After watching his Youtube highlights, I'm still trying to figure out why Dunbar, out of St. Ignatius College Prep in San Francisco, was available at this late hour. He's a good student and his skills pop on video, especially his quickness.

The only thing I can come up with is bigger schools were scared off by his height. He's listed at 5-10.

"I'm not sure what the holdup is," with more college offers, St. Ignatius coach Tim Reardon told the San Francisco Chronicle back in February. "I'm sure some places want someone a couple of inches taller."

Makes sense. But I've watched a lot of highlight reels in the '14 class and I'm not sure many of those taller guys have the kind of ball skills Dunbar displays.

SURE, HIGHLIGHT CLIPS can be unrepresentative. They rarely show an entire play, and of course they don't show an entire game. What a player is doing during those moments not shown may speak volumes from an overall evaluation standpoint.

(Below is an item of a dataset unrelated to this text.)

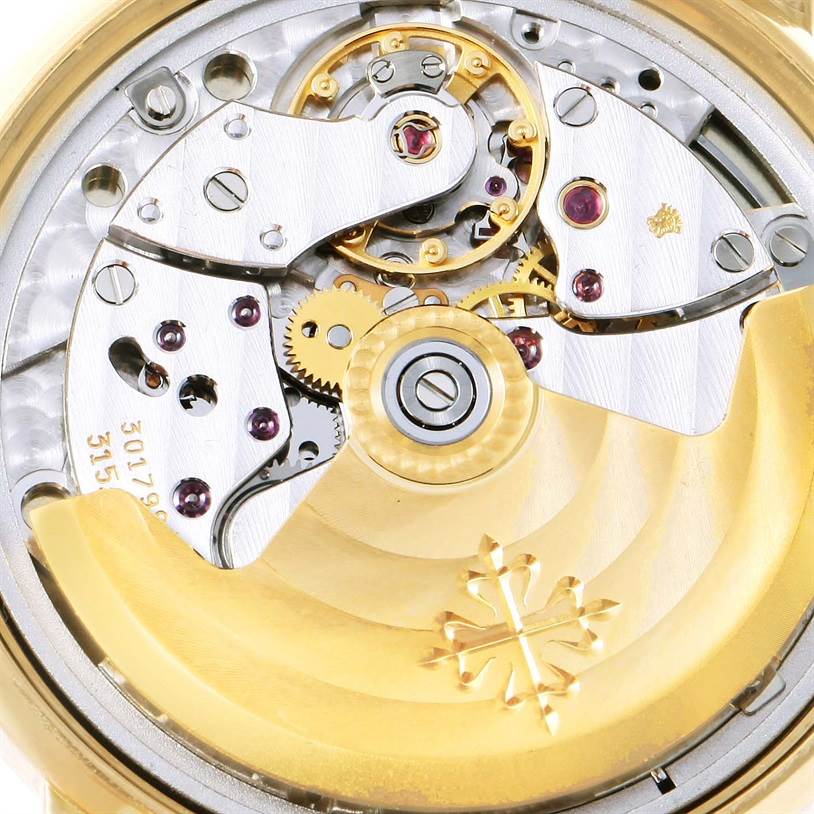 This image shows a close-up view of the movement mechanism of a Patek Philippe Calatrava 3802 Men's Yellow Gold White Dial 3802 Men's Yellow Gold White Dial watch.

But there's enough whirling dervish material in Dunbar's highlights, and against several different opponents, to plant a smile on the face of Cougar fans.

And apart from his ability to drive and dish, he also spent this past season greatly improving his three-point shooting. So opponents had to make a choice on what they're going to try and defend. Most often, they came out on the wrong side.

St. Johns and Maryland were lurking. But his only offers were from CSU-Bakersfield, Florida A&M, Cal Poly and Montana State before Kent swooped in with a ride from Washington State.

KENT HAD Tajuan Porter (5-7) and Aaron Brooks (6-0) together on the court at Oregon, but only for one season before Brooks headed to the NBA. At Washington State, if Dunbar doesn't redshirt, Kent could have the combination of Dunbar and Ike Iroegbu on the floor for three seasons.

Iroegbu is listed at 6-2 but the Sacramento Bee says he's closer to 6-0. And if Dunbar and Iroegbu flourish under Kent, a coach known for his ability to adroitly develop smaller-type guards, WSU's backcourt tandem may play more like 6-foot-8 headaches for opponents.

Dunbar averaged 21.5-points, six assists, five rebounds and three steals a game. Among his postseason honors: He was named the 2014 Chronicle Player of the Year for San Francisco.